> [Work task]
Look for the line that contains "Natalia Gomez, Large"; output that line and every line after it exactly, through the final line of the material below, and nothing else.

> [Input data]
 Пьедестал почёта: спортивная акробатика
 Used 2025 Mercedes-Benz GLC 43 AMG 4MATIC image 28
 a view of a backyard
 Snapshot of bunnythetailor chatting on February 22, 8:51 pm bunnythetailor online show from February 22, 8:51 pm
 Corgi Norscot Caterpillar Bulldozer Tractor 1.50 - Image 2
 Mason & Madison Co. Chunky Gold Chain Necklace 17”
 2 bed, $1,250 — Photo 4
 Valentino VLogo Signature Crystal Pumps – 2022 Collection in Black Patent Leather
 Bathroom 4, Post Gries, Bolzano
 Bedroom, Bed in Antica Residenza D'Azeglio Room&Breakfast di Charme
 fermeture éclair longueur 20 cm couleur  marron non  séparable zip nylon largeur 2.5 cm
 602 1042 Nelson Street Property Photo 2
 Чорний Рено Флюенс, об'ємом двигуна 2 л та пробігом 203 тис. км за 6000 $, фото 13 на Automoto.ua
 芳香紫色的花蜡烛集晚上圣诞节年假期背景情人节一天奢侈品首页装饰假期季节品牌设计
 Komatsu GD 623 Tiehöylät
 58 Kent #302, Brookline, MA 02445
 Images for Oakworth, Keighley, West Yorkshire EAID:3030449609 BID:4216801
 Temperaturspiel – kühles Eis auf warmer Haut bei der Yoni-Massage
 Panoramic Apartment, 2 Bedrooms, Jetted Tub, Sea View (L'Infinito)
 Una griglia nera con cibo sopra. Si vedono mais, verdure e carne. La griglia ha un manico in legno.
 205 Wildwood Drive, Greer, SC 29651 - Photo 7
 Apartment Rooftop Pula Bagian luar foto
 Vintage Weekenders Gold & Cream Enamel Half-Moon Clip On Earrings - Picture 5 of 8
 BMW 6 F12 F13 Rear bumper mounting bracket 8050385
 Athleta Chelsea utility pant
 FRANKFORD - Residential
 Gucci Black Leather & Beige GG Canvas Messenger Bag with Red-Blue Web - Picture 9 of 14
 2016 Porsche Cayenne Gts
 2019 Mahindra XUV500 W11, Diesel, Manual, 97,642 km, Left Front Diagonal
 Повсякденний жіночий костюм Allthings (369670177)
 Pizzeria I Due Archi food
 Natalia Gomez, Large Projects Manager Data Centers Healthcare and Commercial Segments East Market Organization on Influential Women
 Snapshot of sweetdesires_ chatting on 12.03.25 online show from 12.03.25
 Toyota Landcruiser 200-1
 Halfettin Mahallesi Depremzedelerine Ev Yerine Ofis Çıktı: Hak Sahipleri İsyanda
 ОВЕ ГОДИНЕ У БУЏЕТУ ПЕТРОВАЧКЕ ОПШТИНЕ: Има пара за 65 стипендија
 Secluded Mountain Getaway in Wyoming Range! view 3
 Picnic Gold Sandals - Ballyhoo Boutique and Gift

> [Response to this exercise]
 Natalia Gomez, Large Projects Manager Data Centers Healthcare and Commercial Segments East Market Organization on Influential Women
 Snapshot of sweetdesires_ chatting on 12.03.25 online show from 12.03.25
 Toyota Landcruiser 200-1
 Halfettin Mahallesi Depremzedelerine Ev Yerine Ofis Çıktı: Hak Sahipleri İsyanda
 ОВЕ ГОДИНЕ У БУЏЕТУ ПЕТРОВАЧКЕ ОПШТИНЕ: Има пара за 65 стипендија
 Secluded Mountain Getaway in Wyoming Range! view 3
 Picnic Gold Sandals - Ballyhoo Boutique and Gift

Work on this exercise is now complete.